From 4a963fe23b6adc1602b6c8978766937cbaadf3e6 Mon Sep 17 00:00:00 2001
From: Jeff Epler <jepler@gmail.com>
Date: Sun, 24 Sep 2023 14:49:31 -0500
Subject: [PATCH 01/10] Add llama.cpp backend

Assumes your model wants llama 1.5-style prompting. Happy to add other
styles.

I had a decent experience with the Vicuna-13B-CoT.Q5_K_M.gguf model,
which fits in GPU on a 12GB RTX 3060.
---
 src/chap/backends/llama_cpp.py | 94 ++++++++++++++++++++++++++++++++++
 1 file changed, 94 insertions(+)
 create mode 100644 src/chap/backends/llama_cpp.py

diff --git a/src/chap/backends/llama_cpp.py b/src/chap/backends/llama_cpp.py
new file mode 100644
index 0000000..4d8d521
--- /dev/null
+++ b/src/chap/backends/llama_cpp.py
@@ -0,0 +1,94 @@
+# SPDX-FileCopyrightText: 2023 Jeff Epler <jepler@gmail.com>
+#
+# SPDX-License-Identifier: MIT
+
+import asyncio
+import json
+from dataclasses import dataclass
+
+import httpx
+
+from ..session import Assistant, User
+
+
+class LlamaCpp:
+    @dataclass
+    class Parameters:
+        url: str = "http://localhost:8080/completion"
+        """The URL of a llama.cpp server's completion endpoint.
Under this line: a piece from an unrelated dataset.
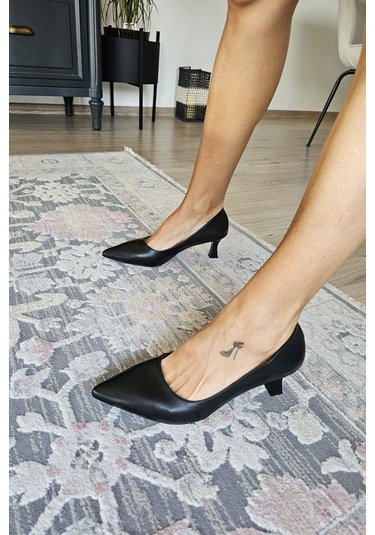 Ops 10 1899 Topukla Kadın Kadeh Topuklu Stiletto Siyah Deri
See https://github.com/ggerganov/llama.cpp/blob/master/examples/server/README.md for more information."""
+
+    def __init__(self):
+        self.parameters = self.Parameters()
+
+    system_message = """\
+A dialog, where USER interacts with AI. AI is helpful, kind, obedient, honest, and knows its own limits.
+"""
+
+    def make_full_query(self, messages, max_query_size):
+        del messages[1:-max_query_size]
+        rows = []
+        for m in messages:
+            content = (m.content or "").strip()
+            if not content:
+                continue
+            if m.role == "system":
+                rows.append(f"ASSISTANT'S RULE: {content}\n")
+            elif m.role == "assistant":
+                rows.append(f"ASSISTANT: {content}\n")
+            elif m.role == "user":
+                rows.append(f"USER: {content}")
+        rows.append("ASSISTANT: ")
+        full_query = ("\n".join(rows)).rstrip()
+        return full_query
+
+    async def aask(
+        self, session, query, *, max_query_size=5, timeout=60
+    ):  # pylint: disable=unused-argument,too-many-locals,too-many-branches
+        params = {
+            "prompt": self.make_full_query(
+                session.session + [User(query)], max_query_size
+            ),
+            "stream": True,
+        }
+        new_content = []
+        try:
+            async with httpx.AsyncClient(timeout=timeout) as client:
+                async with client.stream(
+                    "POST",
+                    self.parameters.url,
+                    json=params,
+                ) as response:
+                    if response.status_code == 200:
+                        async for line in response.aiter_lines():
+                            if line.startswith("data:"):
+                                data = line.removeprefix("data:").strip()
+                                j = json.loads(data)
+                                content = j.get("content")
+                                if not new_content:
+                                    content = content.lstrip()
+                                if content:
+                                    new_content.append(content)
+                                    yield content
+                                if j.get("stop"):
+                                    break
+                    else:
+                        content = f"\nFailed with {response=!r}"
+                        new_content.append(content)
+                        yield content
+
+        except httpx.HTTPError as e:
+            content = f"\nException: {e!r}"
+            new_content.append(content)
+            yield content
+
+        session.session.extend([User(query), Assistant("".join(new_content))])
+
+    def ask(self, session, query, *, max_query_size=5, timeout=60):
+        asyncio.run(
+            self.aask(session, query, max_query_size=max_query_size, timeout=timeout)
+        )
+        return session.session[-1].message
+
+
+def factory():
+    return LlamaCpp()

From d7ad89f411747f92bab2d27b390bc6e8ce94094a Mon Sep 17 00:00:00 2001
From: Jeff Epler <jepler@gmail.com>
Date: Sun, 24 Sep 2023 14:50:09 -0500
Subject: [PATCH 02/10] Allow configuration of backend parameters from
 environment

---
 src/chap/core.py | 23 ++++++++++++++++++++++-
 1 file changed, 22 insertions(+), 1 deletion(-)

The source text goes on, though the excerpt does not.